Boyce-Ke Paradigm (bcnf is an improved form of 3NF)

A condition that satisfies the BCNF relational pattern:

1. All non-primary attributes are fully functional dependent on each code.

2. All the main attributes are also fully functional dependent on each code that does not contain it.

3. No attribute full function relies on any set of attributes that are not code.

Suppose the Warehouse Management relational table is storehousemanage (warehouse ID, store item ID, admin ID, quantity), and one administrator works only in one warehouse; a warehouse can store multiple items. The following decision relationships exist in this database table:

(Warehouse ID, store item id) → (admin id, quantity)

(Admin ID, store item id) → (warehouse ID, quantity)

So, (warehouse ID, store item id) and (admin ID, store item ID) are the candidate keywords for storehousemanage, the only non-critical field in the table is quantity, it is in accordance with the third normal form.

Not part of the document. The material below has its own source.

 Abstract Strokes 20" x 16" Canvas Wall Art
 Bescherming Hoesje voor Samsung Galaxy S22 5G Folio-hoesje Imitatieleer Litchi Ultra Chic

However, because of the following decision relationships:

(warehouse id) → (Administrator id)

(Administrator id) → (warehouse id)

There is a key field that determines the key field, so it does not conform to the BCNF paradigm.

Decompose the Warehouse Management relationship table into two relational tables:

Warehouse Management: Storehousemanage (warehouse ID, admin ID);

Warehouse: Storehouse (warehouse ID, store item ID, quantity).

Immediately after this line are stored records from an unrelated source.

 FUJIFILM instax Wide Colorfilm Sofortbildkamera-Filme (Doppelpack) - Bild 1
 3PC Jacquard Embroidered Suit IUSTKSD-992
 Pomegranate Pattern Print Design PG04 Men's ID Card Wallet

Such a database table conforms to the BCNF paradigm.

5, 4NF

4NF is the restriction of the attributes of a relational pattern between non trivial and multivalued dependencies that are not functional dependencies. Because by definition, for each nontrivial multivalued dependent x→→y,x contains a candidate code, there is a x→y, so the nontrivial multivalued dependencies allowed by 4NF are actually functional dependencies.

Here are some concepts to solve:

function dependencies The simple point is that when a property set determines another property set, another attribute set is said to depend on the property set.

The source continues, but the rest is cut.